[RECORDS FOR THE EXERCISE — start]

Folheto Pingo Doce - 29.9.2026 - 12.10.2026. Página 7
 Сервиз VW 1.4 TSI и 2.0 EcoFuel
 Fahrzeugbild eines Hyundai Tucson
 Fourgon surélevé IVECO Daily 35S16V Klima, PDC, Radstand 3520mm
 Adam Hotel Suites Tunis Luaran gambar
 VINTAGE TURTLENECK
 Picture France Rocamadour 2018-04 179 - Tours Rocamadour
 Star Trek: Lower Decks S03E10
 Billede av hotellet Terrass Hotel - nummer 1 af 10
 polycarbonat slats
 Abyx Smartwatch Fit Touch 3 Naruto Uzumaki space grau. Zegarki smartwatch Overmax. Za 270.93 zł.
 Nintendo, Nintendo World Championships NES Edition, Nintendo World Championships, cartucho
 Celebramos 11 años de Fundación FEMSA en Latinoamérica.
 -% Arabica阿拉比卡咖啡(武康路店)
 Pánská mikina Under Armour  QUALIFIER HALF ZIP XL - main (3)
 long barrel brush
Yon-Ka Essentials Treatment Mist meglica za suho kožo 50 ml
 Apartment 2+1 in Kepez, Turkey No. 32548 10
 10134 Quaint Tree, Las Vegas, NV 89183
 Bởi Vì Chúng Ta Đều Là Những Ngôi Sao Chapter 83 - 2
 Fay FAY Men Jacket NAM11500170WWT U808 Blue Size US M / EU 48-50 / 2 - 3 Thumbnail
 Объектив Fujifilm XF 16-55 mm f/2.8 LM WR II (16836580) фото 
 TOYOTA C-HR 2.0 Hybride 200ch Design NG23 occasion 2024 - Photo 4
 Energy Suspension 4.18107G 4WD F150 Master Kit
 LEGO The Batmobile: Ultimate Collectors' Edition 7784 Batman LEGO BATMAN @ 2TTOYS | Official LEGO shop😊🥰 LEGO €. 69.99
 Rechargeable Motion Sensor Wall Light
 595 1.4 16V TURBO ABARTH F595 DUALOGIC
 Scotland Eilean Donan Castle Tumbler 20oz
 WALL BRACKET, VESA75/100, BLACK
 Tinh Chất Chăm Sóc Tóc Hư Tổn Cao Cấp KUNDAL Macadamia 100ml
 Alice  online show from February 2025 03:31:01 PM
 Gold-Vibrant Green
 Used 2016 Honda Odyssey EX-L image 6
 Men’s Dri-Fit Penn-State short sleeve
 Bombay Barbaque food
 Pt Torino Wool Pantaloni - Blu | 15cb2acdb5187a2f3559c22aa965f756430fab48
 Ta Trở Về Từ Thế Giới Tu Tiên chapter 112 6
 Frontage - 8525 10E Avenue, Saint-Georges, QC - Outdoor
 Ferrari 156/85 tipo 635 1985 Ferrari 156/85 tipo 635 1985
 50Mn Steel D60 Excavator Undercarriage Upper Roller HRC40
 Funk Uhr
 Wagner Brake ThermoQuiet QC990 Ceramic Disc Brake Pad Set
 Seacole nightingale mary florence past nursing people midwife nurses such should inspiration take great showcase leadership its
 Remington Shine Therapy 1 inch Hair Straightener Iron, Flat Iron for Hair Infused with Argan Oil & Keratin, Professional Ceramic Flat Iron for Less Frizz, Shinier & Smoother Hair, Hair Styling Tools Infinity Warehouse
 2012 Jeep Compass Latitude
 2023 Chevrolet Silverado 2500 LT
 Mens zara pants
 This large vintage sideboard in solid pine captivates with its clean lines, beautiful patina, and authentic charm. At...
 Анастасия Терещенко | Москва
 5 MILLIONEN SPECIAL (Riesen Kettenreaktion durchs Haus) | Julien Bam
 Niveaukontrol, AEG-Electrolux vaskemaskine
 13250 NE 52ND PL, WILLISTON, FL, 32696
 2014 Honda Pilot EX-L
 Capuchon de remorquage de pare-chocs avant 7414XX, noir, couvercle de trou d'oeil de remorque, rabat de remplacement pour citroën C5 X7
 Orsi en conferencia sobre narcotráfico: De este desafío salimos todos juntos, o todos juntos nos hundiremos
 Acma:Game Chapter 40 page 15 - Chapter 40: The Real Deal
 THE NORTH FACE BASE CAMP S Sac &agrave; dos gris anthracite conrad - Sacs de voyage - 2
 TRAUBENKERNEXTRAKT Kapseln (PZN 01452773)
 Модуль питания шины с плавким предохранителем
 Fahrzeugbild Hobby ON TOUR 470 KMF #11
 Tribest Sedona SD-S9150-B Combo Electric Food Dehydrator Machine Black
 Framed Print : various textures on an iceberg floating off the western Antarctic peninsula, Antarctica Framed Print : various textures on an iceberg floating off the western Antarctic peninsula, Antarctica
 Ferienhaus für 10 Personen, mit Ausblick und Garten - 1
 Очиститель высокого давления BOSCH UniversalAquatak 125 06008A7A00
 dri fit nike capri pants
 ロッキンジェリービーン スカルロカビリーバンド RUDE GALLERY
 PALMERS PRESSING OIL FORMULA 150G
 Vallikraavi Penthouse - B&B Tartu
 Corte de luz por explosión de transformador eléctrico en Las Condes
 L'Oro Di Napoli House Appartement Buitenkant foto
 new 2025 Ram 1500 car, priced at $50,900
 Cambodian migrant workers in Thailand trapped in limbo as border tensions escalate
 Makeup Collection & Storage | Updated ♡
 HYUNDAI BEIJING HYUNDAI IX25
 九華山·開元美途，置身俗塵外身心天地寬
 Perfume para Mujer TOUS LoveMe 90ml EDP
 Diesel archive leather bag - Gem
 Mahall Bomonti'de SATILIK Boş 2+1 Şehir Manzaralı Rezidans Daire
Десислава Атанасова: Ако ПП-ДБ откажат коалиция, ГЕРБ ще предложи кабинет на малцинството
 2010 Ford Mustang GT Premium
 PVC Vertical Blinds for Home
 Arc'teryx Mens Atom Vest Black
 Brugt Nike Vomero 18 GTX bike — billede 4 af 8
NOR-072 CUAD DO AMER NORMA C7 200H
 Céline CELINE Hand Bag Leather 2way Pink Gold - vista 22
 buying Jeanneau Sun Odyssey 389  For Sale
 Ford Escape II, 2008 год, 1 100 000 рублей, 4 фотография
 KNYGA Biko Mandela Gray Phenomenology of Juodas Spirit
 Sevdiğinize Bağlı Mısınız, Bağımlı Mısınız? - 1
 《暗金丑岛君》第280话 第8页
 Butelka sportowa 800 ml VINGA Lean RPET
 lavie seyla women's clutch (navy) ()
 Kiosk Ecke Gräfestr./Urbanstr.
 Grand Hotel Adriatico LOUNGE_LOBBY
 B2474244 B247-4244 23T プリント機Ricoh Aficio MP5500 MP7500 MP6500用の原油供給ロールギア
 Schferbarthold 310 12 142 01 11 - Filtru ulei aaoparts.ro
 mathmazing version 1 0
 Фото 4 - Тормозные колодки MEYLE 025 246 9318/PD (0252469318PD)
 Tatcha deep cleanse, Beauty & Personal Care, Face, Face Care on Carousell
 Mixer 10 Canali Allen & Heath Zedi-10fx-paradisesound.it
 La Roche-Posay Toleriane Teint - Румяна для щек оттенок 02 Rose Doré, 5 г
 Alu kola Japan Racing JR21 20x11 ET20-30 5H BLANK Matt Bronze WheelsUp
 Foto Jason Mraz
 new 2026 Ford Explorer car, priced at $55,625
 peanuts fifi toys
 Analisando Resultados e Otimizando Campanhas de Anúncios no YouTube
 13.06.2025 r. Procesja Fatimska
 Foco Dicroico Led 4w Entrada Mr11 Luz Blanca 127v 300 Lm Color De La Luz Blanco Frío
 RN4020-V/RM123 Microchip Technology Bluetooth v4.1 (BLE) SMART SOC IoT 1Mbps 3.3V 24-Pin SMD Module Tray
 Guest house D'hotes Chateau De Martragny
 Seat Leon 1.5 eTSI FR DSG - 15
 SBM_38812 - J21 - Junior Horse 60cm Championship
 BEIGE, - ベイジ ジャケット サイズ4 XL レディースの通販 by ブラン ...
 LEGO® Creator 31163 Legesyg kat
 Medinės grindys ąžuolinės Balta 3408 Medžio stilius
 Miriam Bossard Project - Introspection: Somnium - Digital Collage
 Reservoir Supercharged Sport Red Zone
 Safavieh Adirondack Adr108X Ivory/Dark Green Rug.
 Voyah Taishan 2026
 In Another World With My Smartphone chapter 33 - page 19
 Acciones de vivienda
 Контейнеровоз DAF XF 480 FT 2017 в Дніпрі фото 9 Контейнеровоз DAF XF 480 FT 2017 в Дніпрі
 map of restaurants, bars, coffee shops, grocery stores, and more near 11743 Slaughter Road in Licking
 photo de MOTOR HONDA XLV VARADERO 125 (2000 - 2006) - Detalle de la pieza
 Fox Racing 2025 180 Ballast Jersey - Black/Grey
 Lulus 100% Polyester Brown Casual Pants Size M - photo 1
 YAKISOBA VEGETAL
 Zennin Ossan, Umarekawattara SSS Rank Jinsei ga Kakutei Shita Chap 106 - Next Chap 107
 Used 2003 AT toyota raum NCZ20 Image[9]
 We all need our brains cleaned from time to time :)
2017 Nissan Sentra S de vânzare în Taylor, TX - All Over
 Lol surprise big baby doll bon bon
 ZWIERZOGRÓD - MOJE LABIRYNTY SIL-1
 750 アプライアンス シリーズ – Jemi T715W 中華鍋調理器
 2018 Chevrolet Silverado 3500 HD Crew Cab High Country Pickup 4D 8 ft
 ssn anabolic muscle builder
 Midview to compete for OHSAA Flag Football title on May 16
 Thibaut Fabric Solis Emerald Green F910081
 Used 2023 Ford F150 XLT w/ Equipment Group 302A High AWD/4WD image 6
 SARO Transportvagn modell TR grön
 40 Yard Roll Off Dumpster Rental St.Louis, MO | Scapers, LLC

[RECORDS FOR THE EXERCISE — finish]

EXERCISE DESCRIPTION.
Output the material above exactly, but only from the line that carries "Фото 4 - Тормозные" through the line that carries "peanuts fifi toys".

RESPONSE TO THIS EXERCISE.
 Фото 4 - Тормозные колодки MEYLE 025 246 9318/PD (0252469318PD)
 Tatcha deep cleanse, Beauty & Personal Care, Face, Face Care on Carousell
 Mixer 10 Canali Allen & Heath Zedi-10fx-paradisesound.it
 La Roche-Posay Toleriane Teint - Румяна для щек оттенок 02 Rose Doré, 5 г
 Alu kola Japan Racing JR21 20x11 ET20-30 5H BLANK Matt Bronze WheelsUp
 Foto Jason Mraz
 new 2026 Ford Explorer car, priced at $55,625
 peanuts fifi toys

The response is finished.